Along these lines, this demonstration is to merge and change the law identifying with opiate drugs and psychotropic substances, to apply stringent arrangements for the control and guideline of activities, and to execute the arrangements of the International shows on Narcotic Drugs and Psychotropic Substances and for issues associated therewith.
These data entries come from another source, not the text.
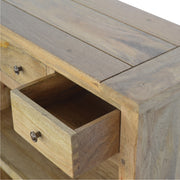Country Style Low Bookcase - wood grain and joinery close-up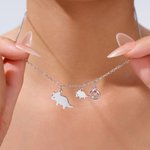 Personalised Mom and Baby Dinosaur Necklace with Birthstone Christmas Birthday Anniversary Gift for Women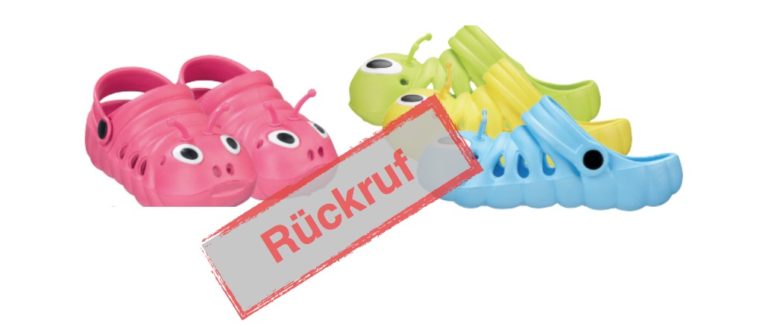 Tedi Rückruf KinderGartenschuhe Modell Raupe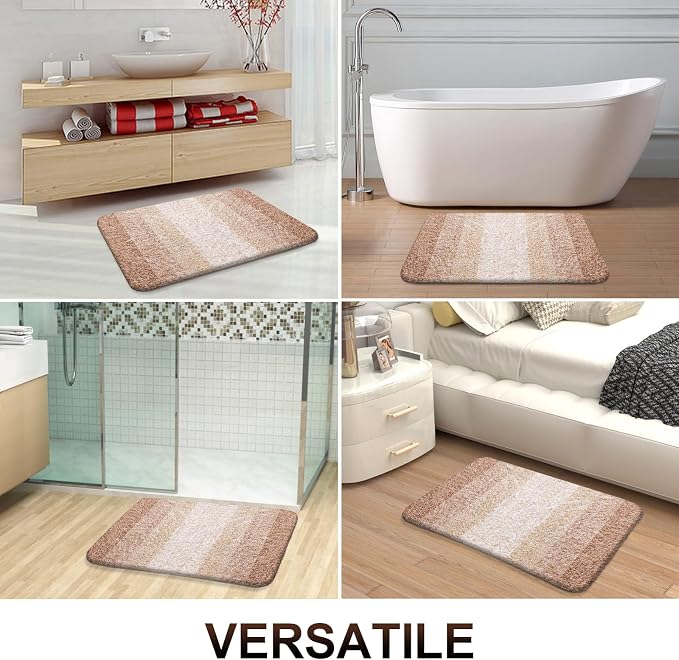OLANLY Bathroom Rugs Mat 30x20, Extra Soft Absorbent Microfiber Bath Rugs | Beige, Non-Slip Quick-Drying Rubber Backing, Washable Plush Bath Mat for Floor, Tub and Shower, Home Decor Accessories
Undoubtedly, the bail provision under Narcotic Drug and Psychotropic Substances (NDPS) Act as contained in Section 37 reads as: "No person accused of an offence punishable for offences involving commercial quantity shall be released on bail or on his own bond unless (i) the Public Prosecutor has been given an opportunity to oppose the application for such release, and (ii) where the Public Prosecutor opposes the application, the court is satisfied that there are reasonable grounds for believing that he is not guilty of such offence and that he is not likely to commit any offence while on bail."
In the recent case Ashkar v. State of Kerala, High Court of Kerala the Bench of N. Anil Kumar, J. allowed the bail application of a person accused of illegal possession of a psychotropic substance, on the ground that the quantity possessed by him was not ‘commercial quantity’ in terms of the Narcotic Drugs and Psychotropic Substances Act, 1985. This case was handled by one of the famous criminal lawyer in India.
In a another case Sri Ashish Sarkar Vs The State Of Tripura It is plain from a bare reading of the non-obstante clause in the Section and sub-section (2) thereof that the power to grant bail to a person accused of having committed offence under the NDPS Act is not only subject to the limitations imposed under Section 439 of the Code of Criminal Procedure, 1973, it is also subject to the restrictions placed by sub-clause (b) of subsection (1) of Section 37 of the NDPS Act. Apart from giving an opportunity to the Public Prosecutor to oppose the application for such release, the other twin conditions viz; (i) the satisfaction of the Court that there are reasonable grounds for believing that the accused is not guilty of the alleged offence; and (ii) that he is not likely to commit any offence while on bail, have to be satisfied. It is manifest that the conditions are cumulative and not alternative. The satisfaction contemplated regarding the accused being not guilty has to be based on "reasonable grounds". The expression `reasonable grounds' has not been defined in the said Act but means something more than prima facie grounds. It connotes substantial probable causes for believing that the accused is not guilty of the offence he is charged with. The reasonable belief contemplated in turn points to existence of such facts and circumstances as are sufficient in themselves to justify satisfaction that the accused is not guilty of the alleged offence. [Vide Union of India vs. Shiv Shanker Kesari2] Thus, recording of satisfaction on both the aspects, noted above, is a sine qua non for granting of bail under the NDPS Act.